Ryan’s gaze remained riveted to the small screen in his hands as it showed a missile streaking away from the drone. Setting the device down, he peered through his rangefinder at the cave location on the bottom of the far mountain ridge across the valley.
Three seconds passed, then a distant boom shook the air. A bright orange fireball erupted into the night sky. “Good hit,” Ryan told the pilot. “Stand by for confirmation.”
Using his remote control device he accessed the feed to the smaller drone he’d carried here in his ruck. He flew it over top of the target and used the powerful camera to zoom in on the destruction. A large chunk of the mountainside was missing, blown away by the missile. Amidst the piles of debris, he started counting the heat signatures lying in the rubble.
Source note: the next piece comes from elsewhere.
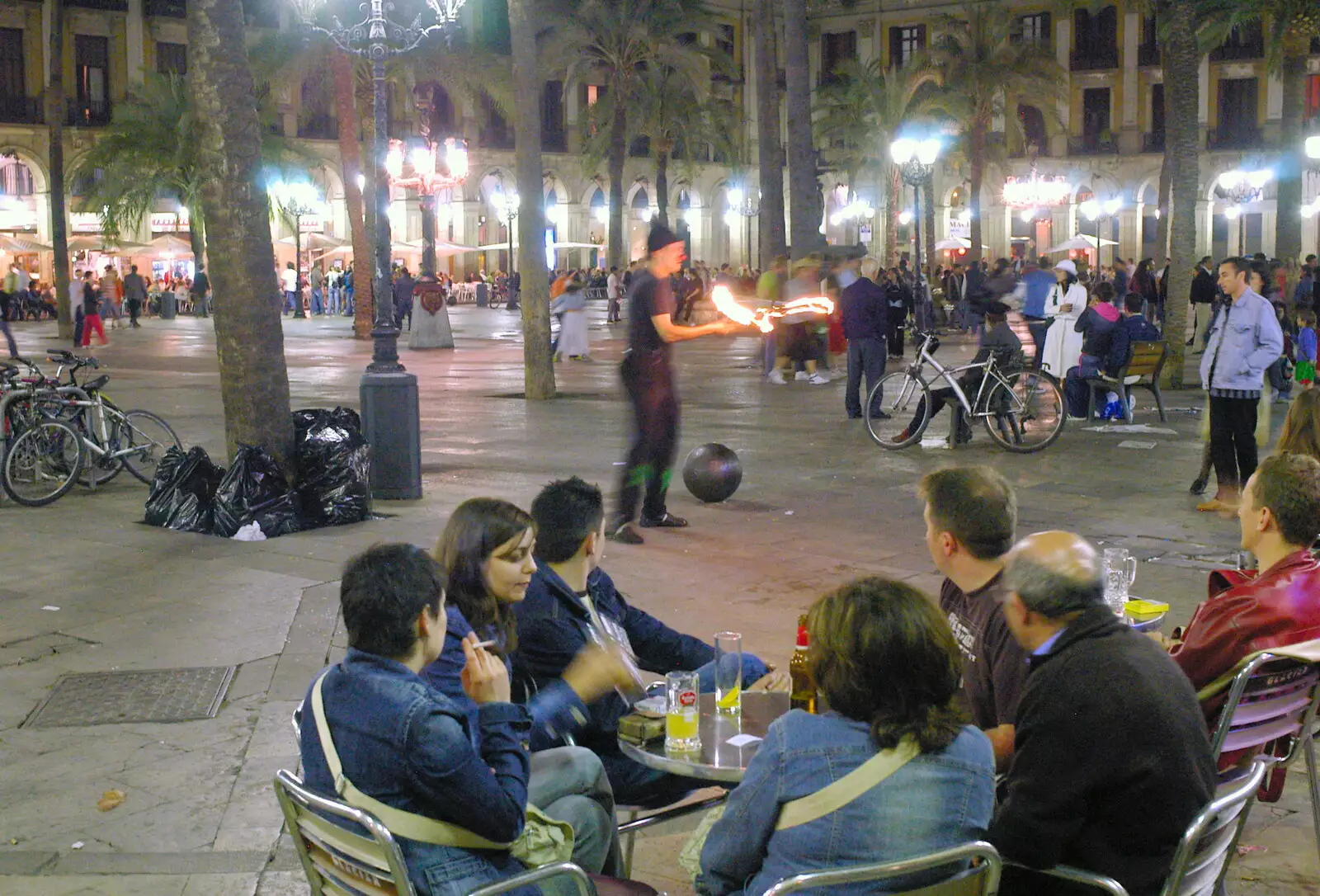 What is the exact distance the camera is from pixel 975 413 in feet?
42.6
Three scattered in one grouping. None of them moving.
A fourth trying to drag himself away, but he collapsed after only a few feet.
A fifth lay in two pieces at the base of a large boulder.
And a sixth lay twitching in the dirt at the bottom of the hill.
Ryan zoomed in on all of them. Using the device’s night vision equipment, he took pictures to send back to HQ for identification. But when he saw the face of the sixth target up close, the wide open, sightless eyes, he already knew.
Triumph roared through him. Smiling in satisfaction, he muttered, “See ya in hell, motherfucker.”
Epilogue
Two months later
“Are the others here yet?” Honor asked Erin, craning her neck to see beyond the flagstone entryway at the edge of the beautifully decorated lawn of the resort where the ceremony would be held.
She’d been to Leavenworth a couple of times, years before, and loved it. The former logging town nestled in the heart of the Cascade Mountains had been turned into a Bavarian-style tourist town and provided the absolute perfect setting for Cam and Devon’s wedding.